Bien sûr, j’y ai moi-même beaucoup réfléchi. Avant tout, pour comprendre : je suis initialement parti avec la volonté de produire en Suisse, où je n’ai tout simplement pas trouvé d’usines de confections de textiles techniques. En Europe, idem (Italie, France, Allemagne…). J’ai certes fait réaliser des premiers prototypes, mais ils n’ont rien donné – c’était adapté pour un maillot de bain ‘fashion’, mais pas pour le sport de compétition. Idem pour la Bulgarie, la Roumanie. J’ai ensuite cherché aux USA, au Brésil, en Asie du Sud-Est et c’est à Bali que le prototype était le plus proche du résultat final recherché.

La qualité de conception était excellente, c’était pour moi l’enjeu principal : une nouvelle marque peut assumer de ne pas être parfaite sur le plan environnemental – après tout, les grandes marques ne le sont pas non plus – mais elle doit rester sans compromis sur la qualité.

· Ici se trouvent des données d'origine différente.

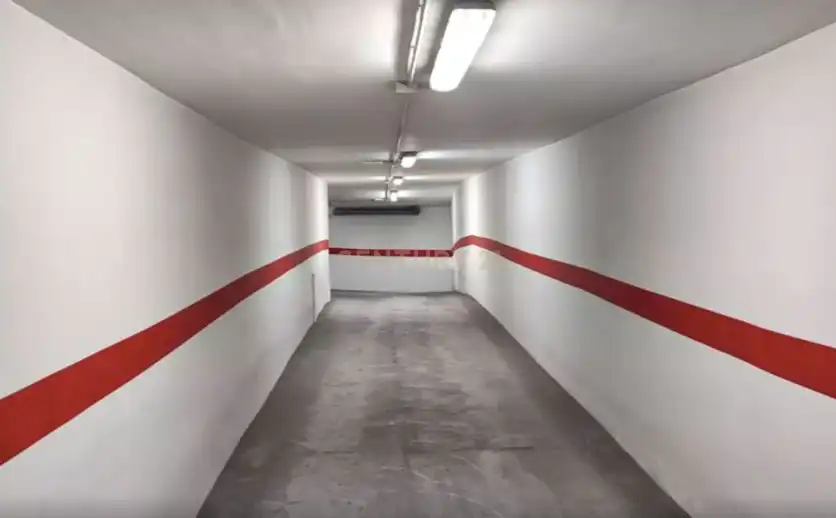 Parking for sale in Murillo, 11, imagen 12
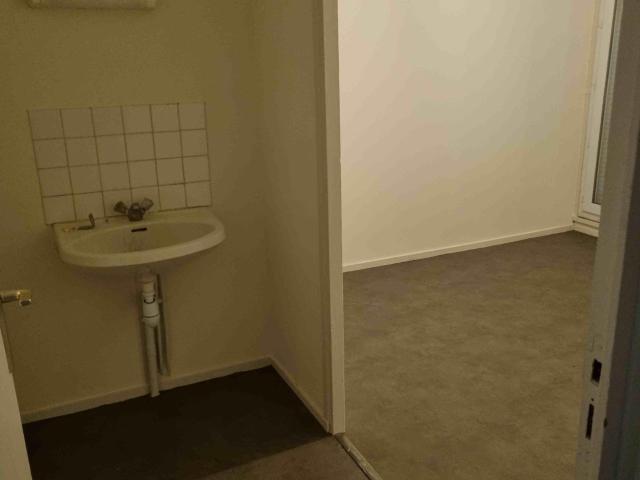 Appartement location à Autun, Montceau-les-mines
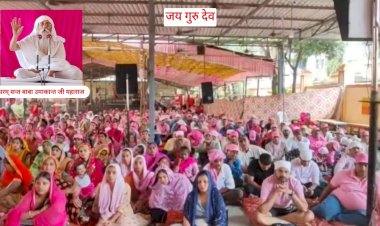 अगर मांसाहार बंद नही हुआ तो चुटकी बजाने जितनी देर में चली जाएगी लोगों की जान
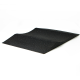 FlatSpot Tile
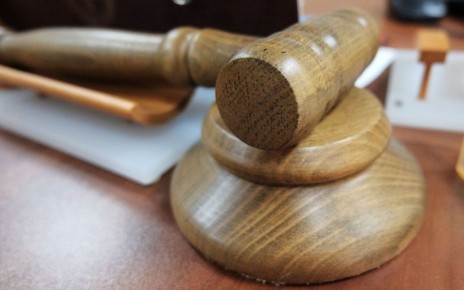 � ���������� ������� ����������� � 8,5 ����� ������� �� ������ ������������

Aujourd’hui, je réfléchis à compenser l’empreinte carbone de la production dans l’immédiat, et à relocaliser la production en Europe dans un second temps. Même si entre Europe et Asie, un gouffre s’est créé au fil des décennies, tant le savoir-faire textile s’est exporté là-bas. Sur le continent européen, hormis le luxe, la qualité recherchée dans mon domaine n’est pas encore au rendez-vous. Toutefois je ne désespère pas et continue mes recherches pour une production en Europe. Si vous avez des pistes, contactez-moi !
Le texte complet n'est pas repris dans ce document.